Your task » With the pictures left aside, write out the entries that follow exactly.

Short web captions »
__________
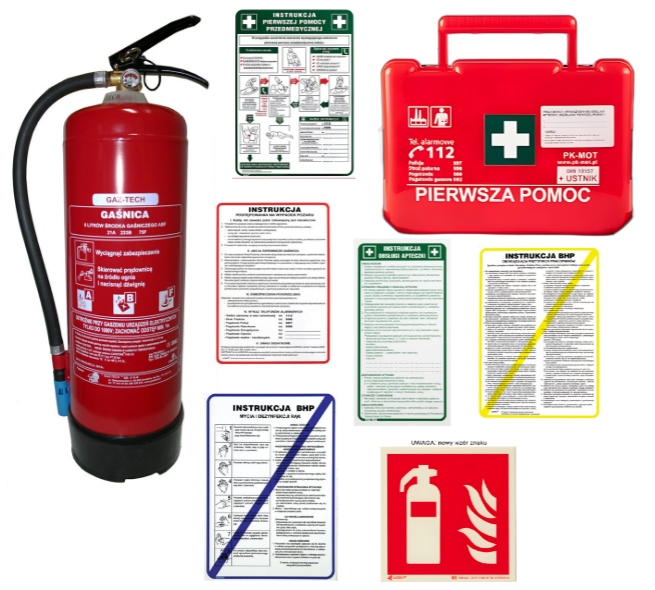 Zestaw Bhp Gastronomia Duży Apteczka Gaśnica Znaki BD2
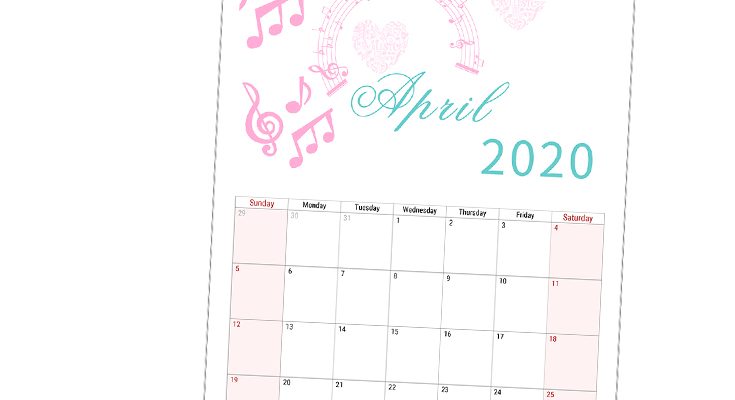 April 2020 calendar printable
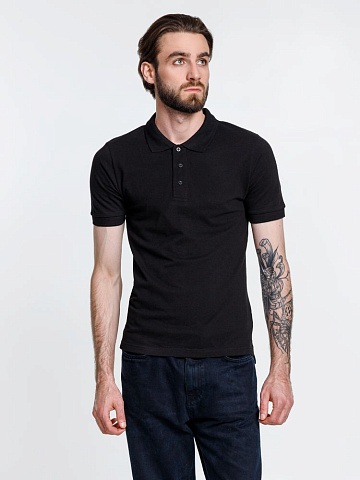 Рубашка поло мужская Adam, черная - рис 6.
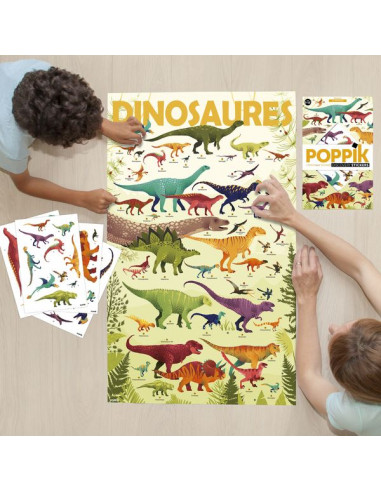 Poster en stickers dinosaures - Poppik Poster en stickers dinosaures - Poppik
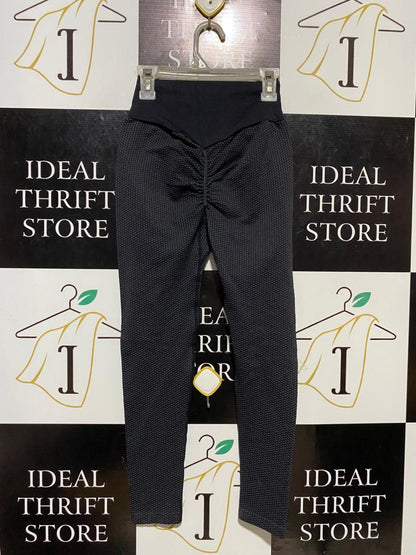 ANKO ACTIVE |XXS| WAIST 20| B20| PREMIUM BLACK TEXTURED HIGH-WAISTED ACTIVEWEAR LEGGINGS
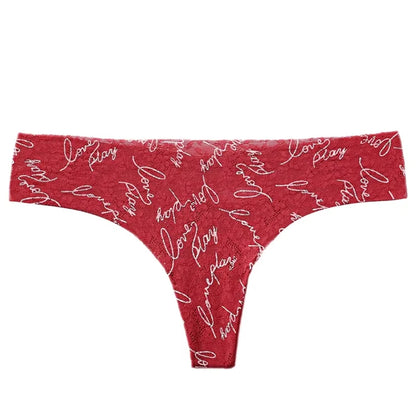 Thong underwear with illustrations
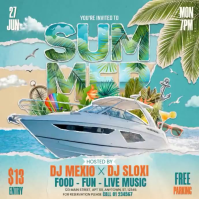 Blue Joyful Summer Party Square Video Cuadrado (1:1) template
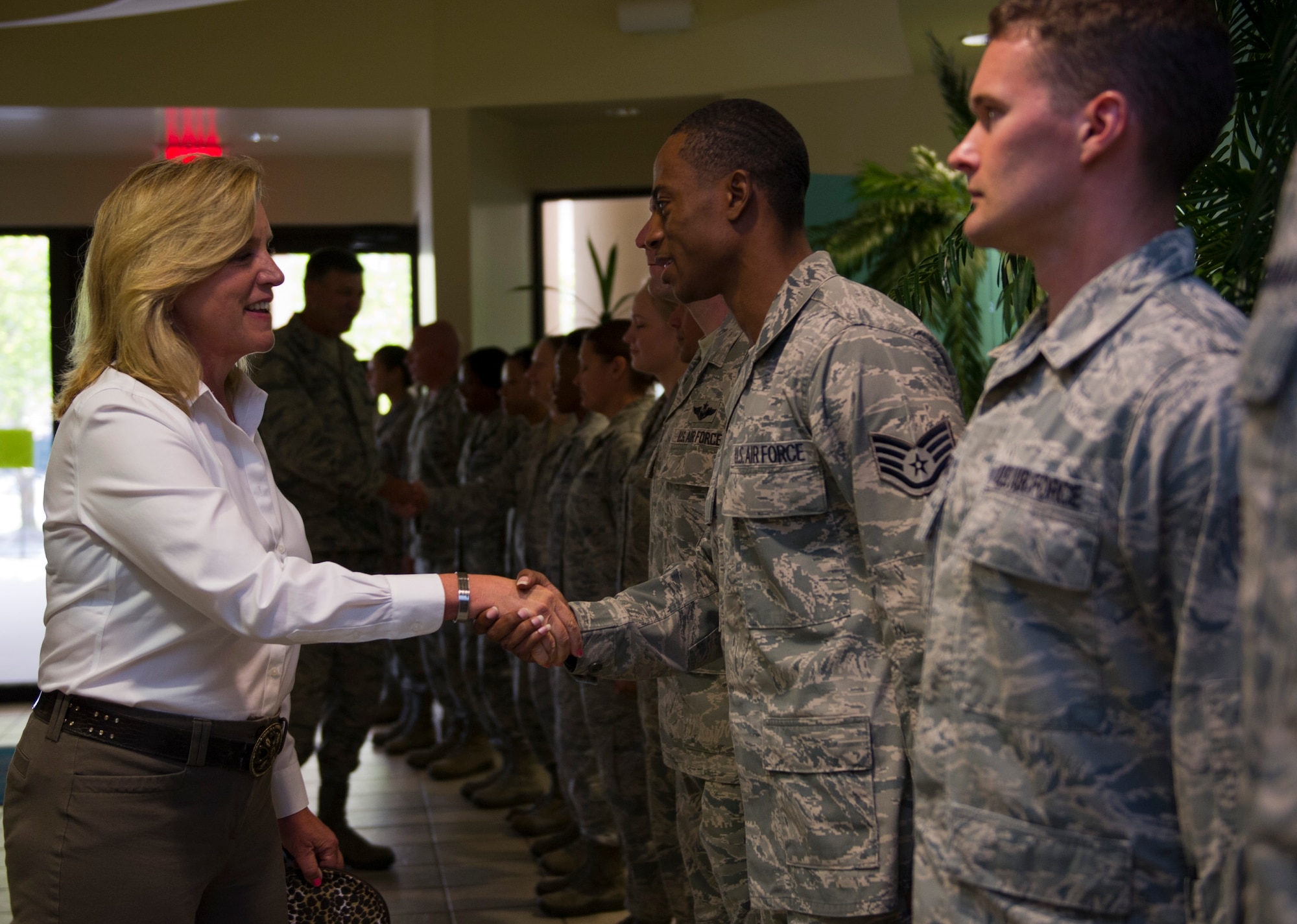 Secretary of the Air Force Deborah Lee James greets Air Commandos at the Riptide Dinning Facility at Hurlburt Field, Fla., Oct. 21, 2014. James met with Airmen and toured various facilities here to familiarize herself with Air Commando operations. (U.S. Air Force photo/Senior Airman Krystal M. Garrett)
__________
Answer section »
 Zestaw Bhp Gastronomia Duży Apteczka Gaśnica Znaki BD2
 April 2020 calendar printable
 Рубашка поло мужская Adam, черная - рис 6.
 Poster en stickers dinosaures - Poppik Poster en stickers dinosaures - Poppik
 ANKO ACTIVE |XXS| WAIST 20| B20| PREMIUM BLACK TEXTURED HIGH-WAISTED ACTIVEWEAR LEGGINGS
 Thong underwear with illustrations
 Blue Joyful Summer Party Square Video Cuadrado (1:1) template
 Secretary of the Air Force Deborah Lee James greets Air Commandos at the Riptide Dinning Facility at Hurlburt Field, Fla., Oct. 21, 2014. James met with Airmen and toured various facilities here to familiarize herself with Air Commando operations. (U.S. Air Force photo/Senior Airman Krystal M. Garrett)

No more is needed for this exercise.